Death penalty returns in Indiana after 15 years
Joseph Corcoran, a 49-year-old inmate, was executed by lethal injection on Wednesday local time in the US state of Indiana. According to CNN and Al Jazeera, the US state of Indiana has resumed executions after a 15-year hiatus.
Corcoran's lawyers have consistently argued in court over the years that he suffers from a severe mental illness that affects his ability to understand and make decisions; they say that the execution of this person violates the Eighth and Fourteenth Amendments due to his long-term paranoid schizophrenia.
They also stated that Corcoran's illness has not improved in the past two decades; and there is evidence in the Indiana Department of Prisons that he has resisted treatment.
According to the Death Penalty Information Center, Corcoran's execution was the 24th execution in the United States this year; Indiana is the ninth state to carry out at least one execution in 2024. In addition to federal executions, the death penalty is carried out in 27 of the 50 states.
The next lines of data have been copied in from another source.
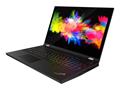 Laptop Lenovo ThinkPad P15 G1 / i7 / 128 GB / 15"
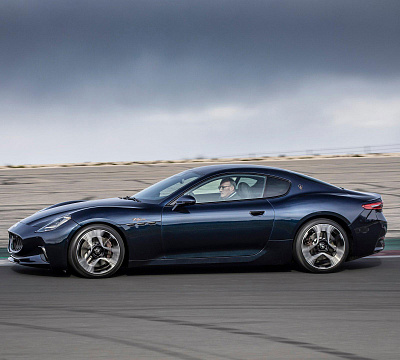Maserati GT Folgore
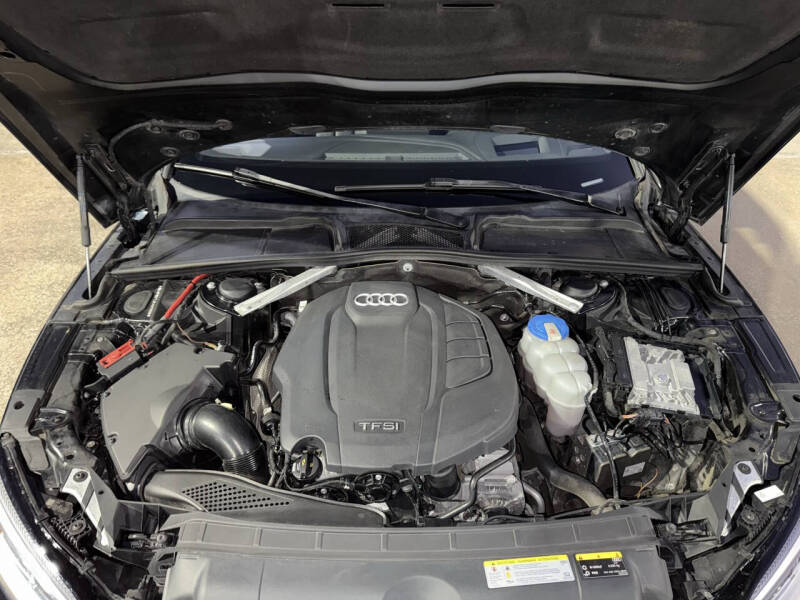 2019 Audi A5 Sportback quattro Prestige 45 TFSI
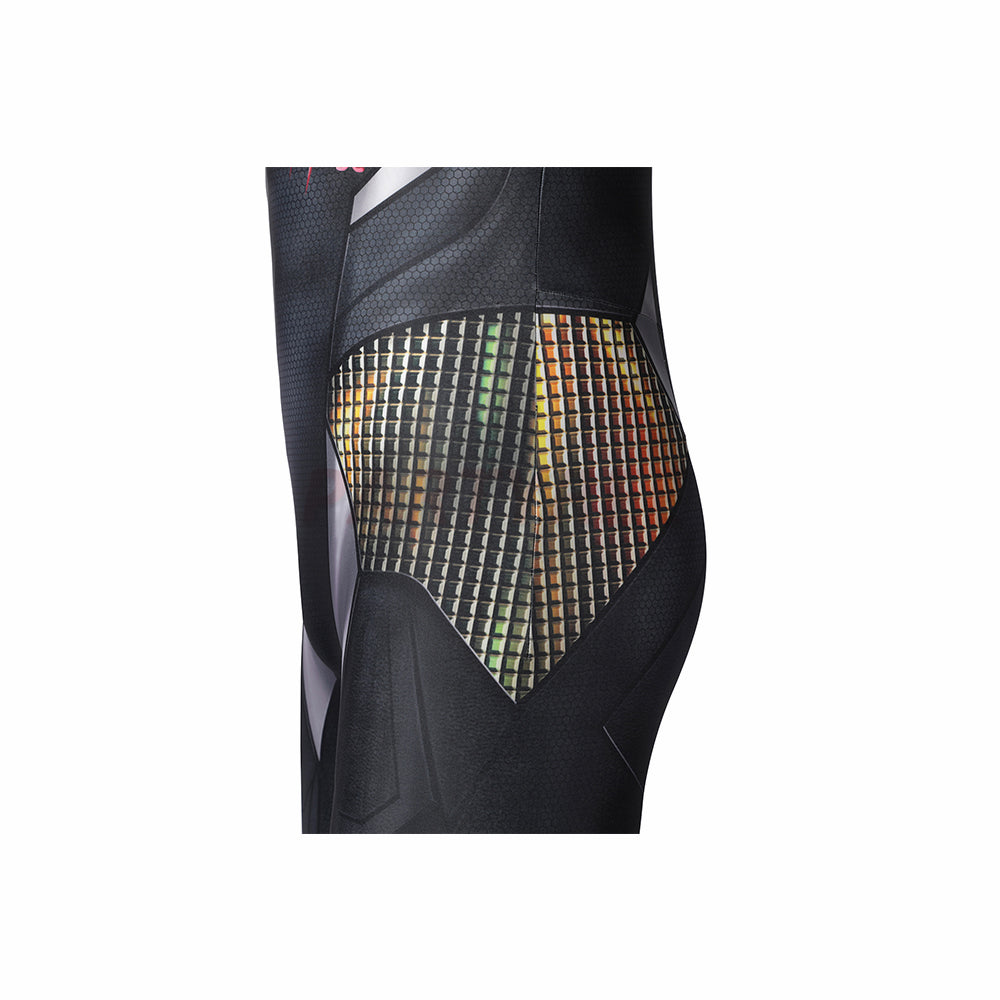 Marvel's Midnight Suns Cosplay Costume Spiderman Jumpsuit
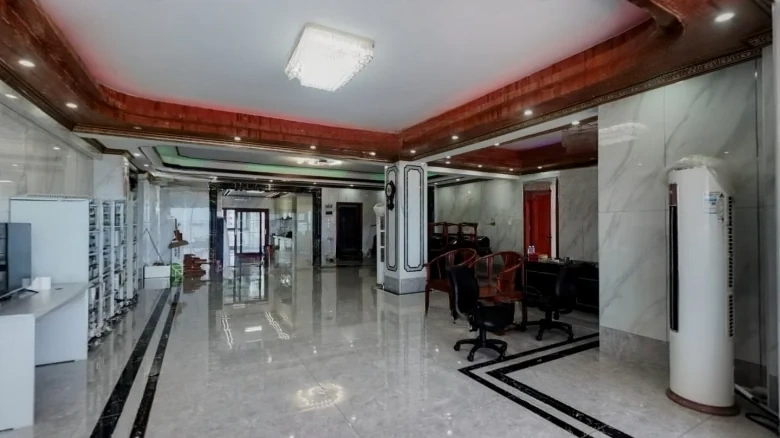 Harmony Across the World - View 1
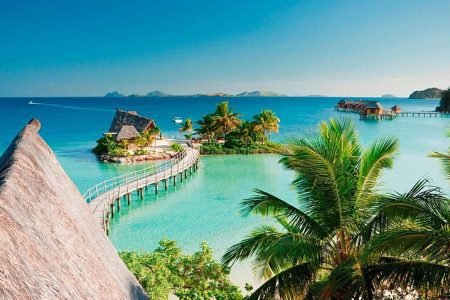 Discover the Paradise in the Pacific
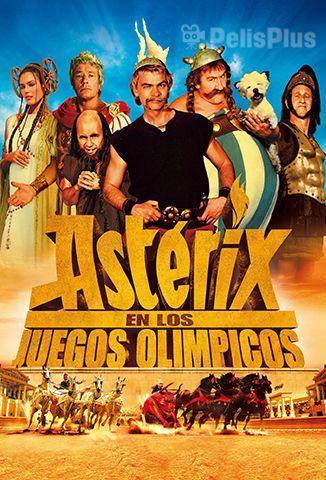 Astérix En Los Juegos Olímpicos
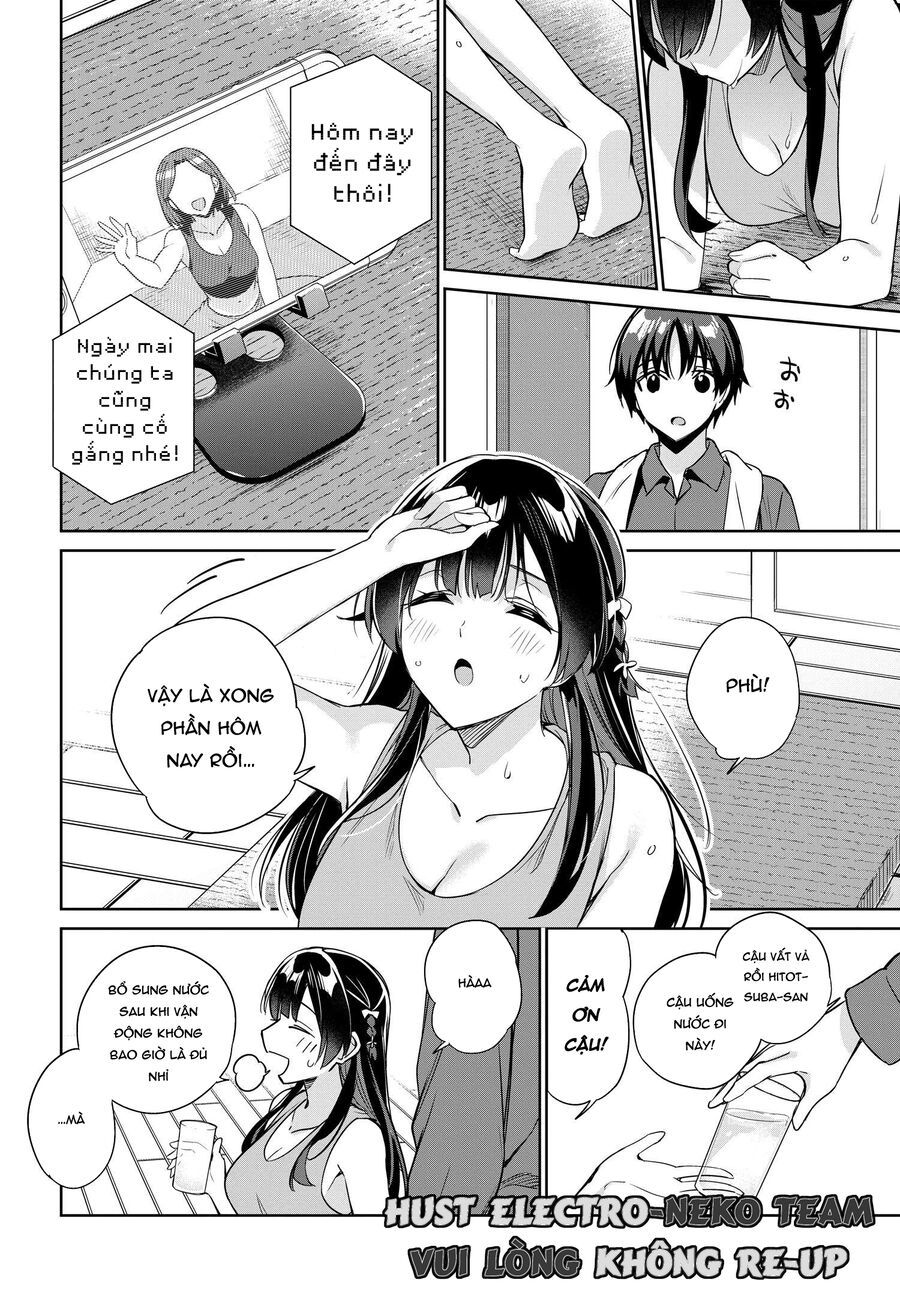 I'm Gonna Live With You Not Because My Parents Left Me Their Debt But Because I Like You - Chapter 14 - Page 4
At the same time, although the United States claims to be opposed to the use of the death penalty and some states have suspended the process of carrying out such sentences, experts say that this suspension of executions means that prisoners die in prison while waiting for their turn to die.
The reason for this is that there is no solution to determine the fate of these sentences and prisoners; therefore, those sentenced to death in states that have suspended the execution of the death penalty remain in prison until their death.
According to statistics, currently, amid America's alleged opposition to the death penalty, 2,000 Americans are on death row in the country's prisons; 40 of these are on federal death row and the rest are on state death row.